VAT Rules for Businesses Established in the UK
When trading digital services to consumers in the EU as a business established in the UK, the following checklist containing a few important rules have been set out by the government to make it easier to maintain your compliance:
- Ensure you check individual rules in the place of supply first, to see if you are subject to any VAT or other tax.
- Check whether you are supplying a digital service or not. If not, the general place of supply service rules remains. If so, the next step on the list becomes important.
- As of January 2019, the threshold for digital supplies is £8,818 (pre-VAT). If the annual total of services offered is below the threshold, the place of supply is in the UK. If it is over, the place of supply is where the consumer is located.
- It matters whether your customer is a business or a private consumer.
- If the supply is not made in the UK, find out whether it should be taxed at the EU member state standard or a reduced VAT rate.
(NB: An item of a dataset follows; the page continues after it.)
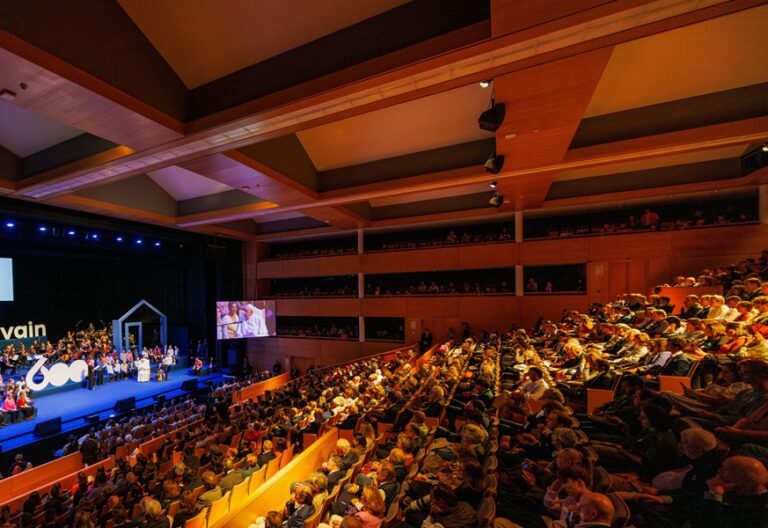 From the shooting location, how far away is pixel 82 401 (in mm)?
9820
VAT Rules for Businesses Established Outside the UK
If your business is based outside of the EU, the place of supply will be solely the location of the consumer. In this case, you will have to register for VAT MOSS (VAT Mini One Stop Shop) in an EU member state. It is important to register each individual state where your consumers are located. The digital services threshold mentioned earlier does not apply in this instance, and you will be responsible for accounting for VAT supply irrespective of the overall value of your sales in a given financial year.
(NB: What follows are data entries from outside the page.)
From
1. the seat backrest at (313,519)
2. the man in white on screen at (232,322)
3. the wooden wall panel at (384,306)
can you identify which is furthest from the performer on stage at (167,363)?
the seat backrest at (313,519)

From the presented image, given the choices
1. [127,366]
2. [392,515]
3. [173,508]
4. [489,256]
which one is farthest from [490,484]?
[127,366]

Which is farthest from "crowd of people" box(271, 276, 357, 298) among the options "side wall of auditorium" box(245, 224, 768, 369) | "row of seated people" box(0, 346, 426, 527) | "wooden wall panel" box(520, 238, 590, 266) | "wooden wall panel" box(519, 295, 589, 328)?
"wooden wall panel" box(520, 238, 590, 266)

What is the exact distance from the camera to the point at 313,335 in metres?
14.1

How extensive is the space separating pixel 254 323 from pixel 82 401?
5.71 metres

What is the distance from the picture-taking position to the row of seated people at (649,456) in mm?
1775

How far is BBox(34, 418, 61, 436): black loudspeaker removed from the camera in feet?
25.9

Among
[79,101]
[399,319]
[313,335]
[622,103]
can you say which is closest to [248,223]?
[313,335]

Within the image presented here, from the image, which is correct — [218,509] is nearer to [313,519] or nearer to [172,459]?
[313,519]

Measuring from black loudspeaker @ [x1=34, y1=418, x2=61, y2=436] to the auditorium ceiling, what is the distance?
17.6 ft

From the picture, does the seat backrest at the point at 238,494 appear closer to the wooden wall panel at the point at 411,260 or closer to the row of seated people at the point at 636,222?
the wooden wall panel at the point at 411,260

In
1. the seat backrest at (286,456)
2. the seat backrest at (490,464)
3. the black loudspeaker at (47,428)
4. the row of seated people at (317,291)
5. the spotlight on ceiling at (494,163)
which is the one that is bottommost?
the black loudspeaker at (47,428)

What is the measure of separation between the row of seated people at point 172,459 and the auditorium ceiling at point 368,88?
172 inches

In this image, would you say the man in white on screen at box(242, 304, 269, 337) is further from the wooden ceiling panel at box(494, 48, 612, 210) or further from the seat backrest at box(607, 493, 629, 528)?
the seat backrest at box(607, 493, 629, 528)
Stay Up to Date with Brexit
Brexit, which refers to Britain’s plans to move away from the European Union, is still a hot topic in the news as we approach the end of 2019. If you are supplying digital services to consumers in the UK or in the rest of the EU, it is a good idea to stay up to date with the news around this, as looming changes may affect businesses, especially once the process has reached its conclusion. If you are offering services there may be policy changes coming into effect as a result of Brexit, which could have tax implications as well. Don’t take any chances, and get some expert advice if you’re worried about any potential effects on your business as a result of the process.
While this article aims to provide an overview of the technicalities around VAT, it should not be considered a legal authority on the matter. You are encouraged to talk to a specialist if you need more information, or if you have specific questions about the processes mentioned.